Global gas demand fell in 2020 by 2.3%, or 81 billion cubic meters (bcm), a “broadly similar decline to that seen in 2009 in the aftermath of the financial crisis.”
Gas consumption was down in most regions, except for China, where demand grew by almost 7% over 2019.
“The relative immunity of natural gas was helped by sharp falls in gas prices, which allowed gas generation to gain share in the U.S. power market and hold its own” in the European Union (EU), Dale said.
Most of Dale’s remarks about the gas market were centered around Europe, where imports fell by more than 8% year/year.
“The gas-on-gas competition in Europe takes the form of pipeline imports — predominantly from Russia — competing against LNG imports — largely from the U.S. as the marginal source of LNG,” Dale noted.
“As LNG imports have increased in recent years, it has raised the question of the extent to which Russia and other pipeline gas exporters will compete against LNG to maintain their market share or instead forgo some of that share to avoid driving prices too low.
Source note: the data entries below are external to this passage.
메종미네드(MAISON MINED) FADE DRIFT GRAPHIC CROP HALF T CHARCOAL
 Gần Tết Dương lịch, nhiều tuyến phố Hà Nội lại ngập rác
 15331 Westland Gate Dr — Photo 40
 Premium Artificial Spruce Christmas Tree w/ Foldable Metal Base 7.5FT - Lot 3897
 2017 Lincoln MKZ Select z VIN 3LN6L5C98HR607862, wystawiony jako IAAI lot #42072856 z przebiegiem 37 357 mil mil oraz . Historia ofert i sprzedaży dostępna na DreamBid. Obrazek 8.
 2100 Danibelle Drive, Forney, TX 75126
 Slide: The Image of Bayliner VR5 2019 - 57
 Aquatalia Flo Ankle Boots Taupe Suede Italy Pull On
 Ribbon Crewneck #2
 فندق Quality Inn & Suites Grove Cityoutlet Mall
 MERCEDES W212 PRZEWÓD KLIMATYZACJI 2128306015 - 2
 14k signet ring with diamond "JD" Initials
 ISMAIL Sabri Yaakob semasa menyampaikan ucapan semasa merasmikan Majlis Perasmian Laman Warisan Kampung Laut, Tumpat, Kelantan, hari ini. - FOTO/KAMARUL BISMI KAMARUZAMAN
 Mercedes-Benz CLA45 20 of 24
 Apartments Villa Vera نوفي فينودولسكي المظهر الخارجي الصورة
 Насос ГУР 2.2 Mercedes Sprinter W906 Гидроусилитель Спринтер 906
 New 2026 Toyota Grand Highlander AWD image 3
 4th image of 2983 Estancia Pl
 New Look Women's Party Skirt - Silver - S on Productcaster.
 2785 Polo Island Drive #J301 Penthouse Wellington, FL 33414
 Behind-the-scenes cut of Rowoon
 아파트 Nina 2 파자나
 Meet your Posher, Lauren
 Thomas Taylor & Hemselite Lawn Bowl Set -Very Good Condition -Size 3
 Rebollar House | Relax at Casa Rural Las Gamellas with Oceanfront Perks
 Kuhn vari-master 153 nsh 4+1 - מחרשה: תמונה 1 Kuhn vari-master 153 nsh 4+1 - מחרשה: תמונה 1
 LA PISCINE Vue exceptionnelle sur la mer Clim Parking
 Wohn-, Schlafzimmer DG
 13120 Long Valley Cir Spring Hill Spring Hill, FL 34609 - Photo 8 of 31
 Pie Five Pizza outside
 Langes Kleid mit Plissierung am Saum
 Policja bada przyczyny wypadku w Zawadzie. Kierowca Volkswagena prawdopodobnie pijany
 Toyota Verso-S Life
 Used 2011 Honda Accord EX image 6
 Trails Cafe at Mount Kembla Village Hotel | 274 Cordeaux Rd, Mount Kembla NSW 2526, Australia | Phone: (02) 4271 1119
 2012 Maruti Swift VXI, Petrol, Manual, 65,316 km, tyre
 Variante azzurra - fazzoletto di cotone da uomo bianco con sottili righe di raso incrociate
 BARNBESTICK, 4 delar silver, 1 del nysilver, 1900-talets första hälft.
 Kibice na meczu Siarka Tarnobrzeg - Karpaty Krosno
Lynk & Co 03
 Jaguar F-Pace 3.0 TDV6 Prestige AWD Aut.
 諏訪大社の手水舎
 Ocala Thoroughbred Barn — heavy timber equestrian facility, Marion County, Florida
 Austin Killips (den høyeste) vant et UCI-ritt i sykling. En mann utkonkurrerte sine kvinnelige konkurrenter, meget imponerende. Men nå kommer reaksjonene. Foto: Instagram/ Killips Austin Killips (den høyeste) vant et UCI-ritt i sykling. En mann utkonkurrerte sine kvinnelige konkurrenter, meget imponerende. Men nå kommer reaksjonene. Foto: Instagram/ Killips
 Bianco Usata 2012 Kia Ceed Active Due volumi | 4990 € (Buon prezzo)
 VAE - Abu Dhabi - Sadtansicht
“This issue could become more acute in a transition in which Europe moves away from natural gas and competition between different gas supplies intensifies.”
‘Last Producer Standing’
While there is a lot of “complicating detail,” Dale said “it appears that Russian exporters were prepared to forgo some market share last year. Pipeline imports from Russia as a share of European gas demand fell from 35% in 2019 to 31% in 2020, with much of the reduction happening in the first half of last year.”
Some of the decline in pipeline imports initially reflected the record storage levels that had built up toward the end of 2019, Dale noted. However, Russian gas volumes still remained low through 2Q2020, when the impact of the pandemic on European demand was at its peak.
“In contrast, LNG imports were up year/year in the first half of 2020, and their share of European demand for the year as a whole was broadly unchanged at 21%,” he said.
As to whether that signals future behavior of Russia’s pipeline exports, though, is less clear.
The decline in European gas demand “is expected to be relatively short-lived,” he noted. “It may be entirely rational for pipeline exporters to use their flexibility to reduce supply temporarily to help stabilize the market and support prices.
“But the possible response to a sustained and growing contraction in gas imports as Europe transitions away from fossil fuels could be very different, with a stronger incentive for Russian pipeline exporters to compete to be the last producer standing.”
One factor affecting the pipeline exports in 2020 was a “perception of how low European prices would need to fall to shut in LNG exports,” he said.
Until 2020, the question was mostly hypothetical about what gas price it would take to shut in LNG exports. Shut-ins, said Dale, “had never really occurred at scale. That all changed last year.”
European LNG forward prices fell below operating costs, which “triggered a significant shut-in of U.S. LNG exports. Average utilization rates of U.S. LNG facilities began to fall in April last year, reaching a low of around 30-35% at the height of the summer.”
Still, Lower 49 LNG exports increased by around 30% last year, as additional trains came onstream. “But had it not been for the canceling of cargoes, the growth in U.S. exports would have been closer to 80%,” said Dale.